Si primero Vasil pretendía dibujar a la madre para hacer una representación total de su vida, al final es el cine o la imagen fílmica la que funciona como intermediario de su voz y su deseo. El viaje concluye en la casa, al igual que ocurría en Lara, y su odisea astrológica, tras sueños de meteorito y persecuciones en carro, en la continuidad del ciclo de la vida, en la necesidad de volver a pisar descalzos y pensar en las necesidades básicas del ser humano.

La vida en la carretera

El hombre del futuro

La primera película de Felipe Ríos, El hombre del futuro (2019), resulta una propuesta excéntrica desde cualquier aspecto que se la contemple, incluso dentro de un género tan poco dado a los centrismos como la road movie.

Para empezar, su recorrido pretende conseguir la confluencia de dos personajes que viajan en direcciones contrarias, como polos desimantados, sin que apenas se conozcan, sin que se dirijan la palabra, sin que uno sepa lo que el otro intenta. El padre empieza el relato en la puerta de la hija, a punto de llamar al timbre, pero sin atreverse a hacerlo. Esta, a su vez, quiere encontrarse con el padre pero no realiza ningún acto para lograrlo y, según intuimos, emprende un viaje en autostop que les va a separar para siempre.

Durante gran parte de El hombre del futuro, los protagonistas avanzan en paralelo con la única unión del movimiento, de una huida excéntrica, paradójica, contradictoria. Al padre y la hija de la historia es el viaje el que los ha separado. Él es camionero y vive en la carretera. Ella es boxeadora y ha tenido que luchar para salir adelante. Y, sin embargo, este obstáculo se ofrece también como circunstancia que puede reunirles, aunque haciendo del encuentro algo provisorio, incompleto, en el fondo fugaz.

Esta impresión de asistir a un relato momentáneo, a una historia esquiva y quizá equivocada, está latente así mismo en el uso de la imagen. En vez de utilizar el paisaje como fuente de emociones, Ríos decide aislarlo con teleobjetivos con un rango mínimo de foco que están siempre a punto de perder su referente, siempre en el límite de lo borroso y de lo ajeno. Rara vez nos deja ver el entorno fuera de la luna de un camión, que con frecuencia aparece empañada, taponada por la lluvia y las condiciones atmosféricas que tampoco dan descanso a los viajeros.

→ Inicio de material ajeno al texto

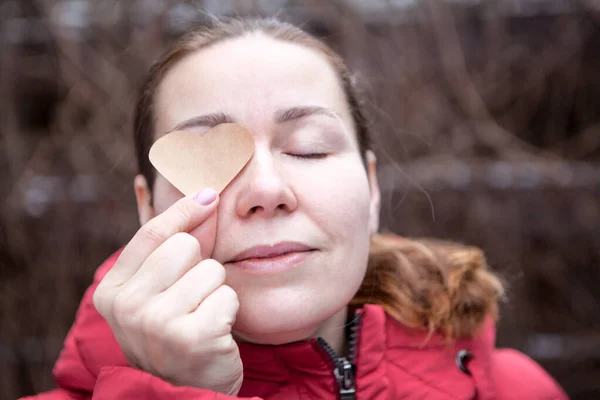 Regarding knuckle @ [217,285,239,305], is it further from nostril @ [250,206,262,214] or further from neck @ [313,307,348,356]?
neck @ [313,307,348,356]

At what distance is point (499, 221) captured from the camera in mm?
2570

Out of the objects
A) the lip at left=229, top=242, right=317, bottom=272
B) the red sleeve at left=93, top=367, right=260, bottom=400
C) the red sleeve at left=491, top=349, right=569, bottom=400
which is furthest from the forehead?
the red sleeve at left=491, top=349, right=569, bottom=400

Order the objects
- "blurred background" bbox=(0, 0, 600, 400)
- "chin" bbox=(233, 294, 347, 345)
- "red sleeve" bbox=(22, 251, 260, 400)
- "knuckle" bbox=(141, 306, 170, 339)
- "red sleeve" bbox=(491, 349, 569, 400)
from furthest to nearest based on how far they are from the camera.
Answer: "blurred background" bbox=(0, 0, 600, 400) < "red sleeve" bbox=(491, 349, 569, 400) < "red sleeve" bbox=(22, 251, 260, 400) < "chin" bbox=(233, 294, 347, 345) < "knuckle" bbox=(141, 306, 170, 339)

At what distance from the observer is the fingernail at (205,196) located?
40.2 inches

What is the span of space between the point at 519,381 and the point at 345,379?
1.98 ft

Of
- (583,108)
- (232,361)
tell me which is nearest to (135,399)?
(232,361)

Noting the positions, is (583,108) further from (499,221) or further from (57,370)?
(57,370)

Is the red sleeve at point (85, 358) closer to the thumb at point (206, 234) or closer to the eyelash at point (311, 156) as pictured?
the thumb at point (206, 234)

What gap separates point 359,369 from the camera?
119cm

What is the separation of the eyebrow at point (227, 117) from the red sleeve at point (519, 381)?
85 centimetres

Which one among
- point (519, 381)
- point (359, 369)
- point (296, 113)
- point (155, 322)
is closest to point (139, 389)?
point (155, 322)

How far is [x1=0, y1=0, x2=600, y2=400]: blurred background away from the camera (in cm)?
247

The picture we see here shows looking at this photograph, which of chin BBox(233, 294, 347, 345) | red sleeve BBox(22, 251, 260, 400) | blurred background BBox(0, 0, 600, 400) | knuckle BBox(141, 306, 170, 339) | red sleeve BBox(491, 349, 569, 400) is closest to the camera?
knuckle BBox(141, 306, 170, 339)

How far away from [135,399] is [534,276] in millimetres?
2251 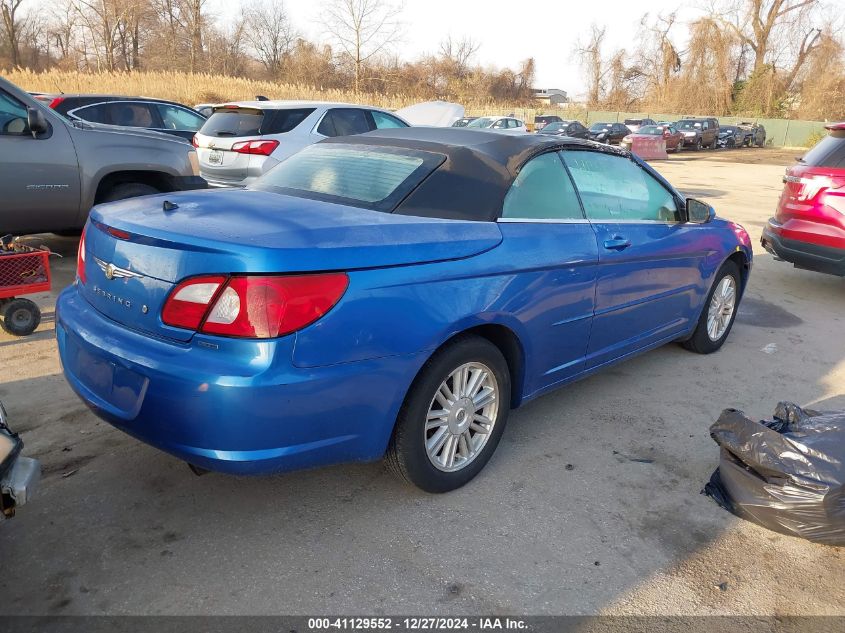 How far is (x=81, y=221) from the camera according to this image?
657 cm

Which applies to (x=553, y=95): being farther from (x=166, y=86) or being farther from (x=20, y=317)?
(x=20, y=317)

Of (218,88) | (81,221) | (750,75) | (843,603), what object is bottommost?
(843,603)

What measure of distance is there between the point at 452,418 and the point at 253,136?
6498 millimetres

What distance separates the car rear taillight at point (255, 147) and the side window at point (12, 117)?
2615 mm

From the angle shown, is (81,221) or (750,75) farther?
(750,75)

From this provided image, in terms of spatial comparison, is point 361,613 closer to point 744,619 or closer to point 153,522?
point 153,522

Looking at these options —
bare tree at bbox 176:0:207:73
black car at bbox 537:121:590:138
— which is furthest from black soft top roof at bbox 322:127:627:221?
bare tree at bbox 176:0:207:73

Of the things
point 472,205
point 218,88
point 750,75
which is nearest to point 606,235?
point 472,205

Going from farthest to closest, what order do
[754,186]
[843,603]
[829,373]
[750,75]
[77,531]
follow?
1. [750,75]
2. [754,186]
3. [829,373]
4. [77,531]
5. [843,603]

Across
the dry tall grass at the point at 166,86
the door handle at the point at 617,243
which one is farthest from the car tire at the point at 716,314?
the dry tall grass at the point at 166,86

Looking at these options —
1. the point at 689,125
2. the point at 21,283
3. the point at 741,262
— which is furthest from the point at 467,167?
the point at 689,125

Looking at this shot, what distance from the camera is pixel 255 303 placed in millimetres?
2275

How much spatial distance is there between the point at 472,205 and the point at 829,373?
333cm

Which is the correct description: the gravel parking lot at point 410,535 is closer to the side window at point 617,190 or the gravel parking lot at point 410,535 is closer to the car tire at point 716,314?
the car tire at point 716,314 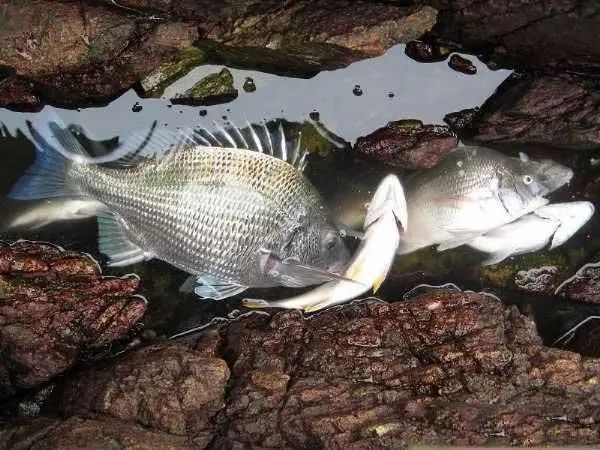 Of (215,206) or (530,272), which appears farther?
(530,272)

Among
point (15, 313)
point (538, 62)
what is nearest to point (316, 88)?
point (538, 62)

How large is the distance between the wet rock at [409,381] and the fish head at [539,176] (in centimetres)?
94

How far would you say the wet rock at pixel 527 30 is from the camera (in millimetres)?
3486

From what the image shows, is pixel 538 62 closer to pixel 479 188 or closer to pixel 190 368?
pixel 479 188

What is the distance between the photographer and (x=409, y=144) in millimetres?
4230

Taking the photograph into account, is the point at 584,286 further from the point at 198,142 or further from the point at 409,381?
the point at 198,142

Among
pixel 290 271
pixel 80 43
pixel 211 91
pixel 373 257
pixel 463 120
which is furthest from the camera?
pixel 463 120

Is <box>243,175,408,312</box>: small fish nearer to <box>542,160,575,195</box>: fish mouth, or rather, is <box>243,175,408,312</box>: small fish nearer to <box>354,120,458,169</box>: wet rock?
<box>354,120,458,169</box>: wet rock

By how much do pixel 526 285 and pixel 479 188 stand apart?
88 centimetres

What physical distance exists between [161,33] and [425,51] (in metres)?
1.81

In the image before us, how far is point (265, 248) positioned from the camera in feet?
12.8

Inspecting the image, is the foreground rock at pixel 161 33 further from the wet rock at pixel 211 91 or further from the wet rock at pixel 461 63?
the wet rock at pixel 461 63

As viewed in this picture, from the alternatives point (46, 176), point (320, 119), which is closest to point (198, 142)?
point (320, 119)

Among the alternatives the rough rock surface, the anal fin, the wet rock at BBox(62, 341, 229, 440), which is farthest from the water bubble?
the wet rock at BBox(62, 341, 229, 440) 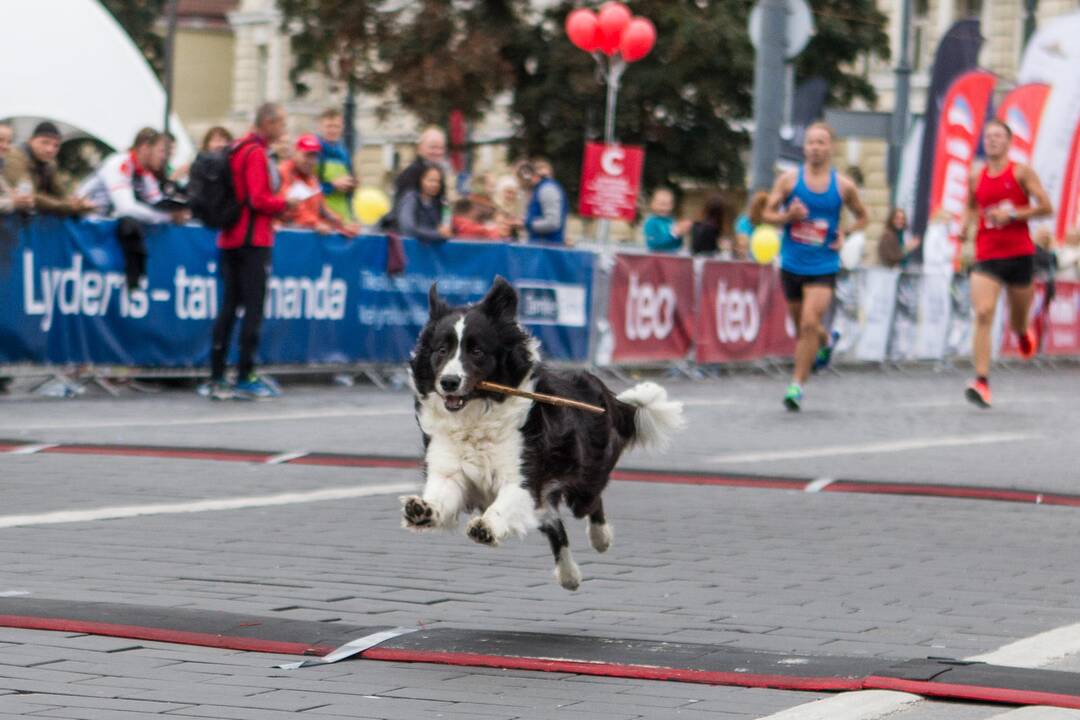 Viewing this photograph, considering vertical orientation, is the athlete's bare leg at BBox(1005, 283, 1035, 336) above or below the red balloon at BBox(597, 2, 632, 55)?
below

Por todo esto, El hombre del futuro parece llevar la incomunicación a su lenguaje narrativo. Su viaje aleja y no libera. Las carreteras separan a quien las transita. No existe ninguna trascendencia en el impulso al movimiento, o en los desangelados campos de la Patagonia chilena. En esta geografía asfixiante, el único mapa fiable son los rostros y las líneas que marcan sus miradas, los labios sellados, las pieles curtidas, azotadas, enfermizas. Miradas al vacío, al fuera de campo o al pasado. Segundos menos elocuentes de lo que la cámara quisiera, o de lo que su tempo nos pide durante tan largo recorrido. La satisfacción siempre a medias, siempre abrupta o incompleta para todos.

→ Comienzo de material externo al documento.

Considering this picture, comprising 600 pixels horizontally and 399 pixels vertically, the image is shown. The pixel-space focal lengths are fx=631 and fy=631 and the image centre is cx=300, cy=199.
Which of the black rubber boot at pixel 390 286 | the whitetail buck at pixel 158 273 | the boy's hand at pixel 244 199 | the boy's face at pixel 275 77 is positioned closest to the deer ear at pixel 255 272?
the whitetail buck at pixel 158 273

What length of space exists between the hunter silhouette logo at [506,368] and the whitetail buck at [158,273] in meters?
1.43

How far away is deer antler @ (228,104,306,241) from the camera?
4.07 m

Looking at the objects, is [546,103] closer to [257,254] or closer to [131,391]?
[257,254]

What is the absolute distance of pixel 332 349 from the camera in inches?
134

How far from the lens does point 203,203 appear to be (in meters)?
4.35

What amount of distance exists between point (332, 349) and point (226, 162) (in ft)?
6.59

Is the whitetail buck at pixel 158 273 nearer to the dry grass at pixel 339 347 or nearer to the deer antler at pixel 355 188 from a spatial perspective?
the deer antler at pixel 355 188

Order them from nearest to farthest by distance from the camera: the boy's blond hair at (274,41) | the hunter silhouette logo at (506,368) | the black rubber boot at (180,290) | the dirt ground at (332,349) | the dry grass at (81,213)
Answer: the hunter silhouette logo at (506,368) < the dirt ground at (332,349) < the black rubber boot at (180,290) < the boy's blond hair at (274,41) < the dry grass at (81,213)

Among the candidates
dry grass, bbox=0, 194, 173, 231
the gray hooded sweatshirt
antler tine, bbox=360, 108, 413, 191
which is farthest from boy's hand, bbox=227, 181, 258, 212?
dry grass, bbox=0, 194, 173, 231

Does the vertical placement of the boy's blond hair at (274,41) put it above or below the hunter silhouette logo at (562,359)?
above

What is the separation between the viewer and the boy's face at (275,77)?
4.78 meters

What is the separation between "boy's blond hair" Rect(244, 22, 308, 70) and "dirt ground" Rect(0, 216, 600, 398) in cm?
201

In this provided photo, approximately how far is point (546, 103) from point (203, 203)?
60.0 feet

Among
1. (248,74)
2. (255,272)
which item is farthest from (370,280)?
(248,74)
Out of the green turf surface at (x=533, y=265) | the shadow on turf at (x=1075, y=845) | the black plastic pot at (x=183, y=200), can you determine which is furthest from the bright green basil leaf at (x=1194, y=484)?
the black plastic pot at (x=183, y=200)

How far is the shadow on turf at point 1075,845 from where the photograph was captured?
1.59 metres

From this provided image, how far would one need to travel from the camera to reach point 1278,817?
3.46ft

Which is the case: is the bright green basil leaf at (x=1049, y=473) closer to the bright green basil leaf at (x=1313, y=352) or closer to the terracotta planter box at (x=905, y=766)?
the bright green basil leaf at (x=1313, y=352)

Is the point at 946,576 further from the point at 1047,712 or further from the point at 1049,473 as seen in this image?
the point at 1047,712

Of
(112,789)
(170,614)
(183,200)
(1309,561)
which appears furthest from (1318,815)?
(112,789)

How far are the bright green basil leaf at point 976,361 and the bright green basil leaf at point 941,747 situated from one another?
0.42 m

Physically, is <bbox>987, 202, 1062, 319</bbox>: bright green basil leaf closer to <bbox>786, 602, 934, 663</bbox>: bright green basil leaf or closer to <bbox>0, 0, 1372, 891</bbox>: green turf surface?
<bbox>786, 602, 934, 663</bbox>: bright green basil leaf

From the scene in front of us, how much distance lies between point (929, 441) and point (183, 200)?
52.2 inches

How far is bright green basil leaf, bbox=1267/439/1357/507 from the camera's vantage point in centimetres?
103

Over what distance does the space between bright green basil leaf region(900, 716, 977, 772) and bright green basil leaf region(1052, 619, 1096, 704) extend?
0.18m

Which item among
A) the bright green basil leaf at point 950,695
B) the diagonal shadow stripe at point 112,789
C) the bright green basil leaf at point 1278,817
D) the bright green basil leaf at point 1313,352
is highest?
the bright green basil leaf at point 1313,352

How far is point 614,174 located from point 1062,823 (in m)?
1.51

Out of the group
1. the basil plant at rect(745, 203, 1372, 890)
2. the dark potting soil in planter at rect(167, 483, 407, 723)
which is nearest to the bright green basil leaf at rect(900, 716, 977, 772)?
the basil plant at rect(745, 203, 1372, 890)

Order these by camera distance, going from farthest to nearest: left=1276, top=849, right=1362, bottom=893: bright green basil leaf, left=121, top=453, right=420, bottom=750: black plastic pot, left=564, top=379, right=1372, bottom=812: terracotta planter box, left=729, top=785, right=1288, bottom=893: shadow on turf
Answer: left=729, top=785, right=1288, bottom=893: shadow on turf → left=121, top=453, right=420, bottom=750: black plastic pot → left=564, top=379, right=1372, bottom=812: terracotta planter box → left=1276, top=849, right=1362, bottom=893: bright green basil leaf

Si en lo fílmico la película se aproxima a The father, es en lo filosófico donde Ríos se compara con Ode to nothing (Oda sa wala, 2019), ya que la tristeza embarga ambas sin dar oportunidad a sus protagonistas. El padre y su hija fraternizan en un cementerio abandonado. Se sinceran en una habitación de hostal. Y se separan en una bifurcación del camino. Uno hacia el último trayecto de su vida. La otra hacia la vida, o hacia el lugar donde espera encontrarla.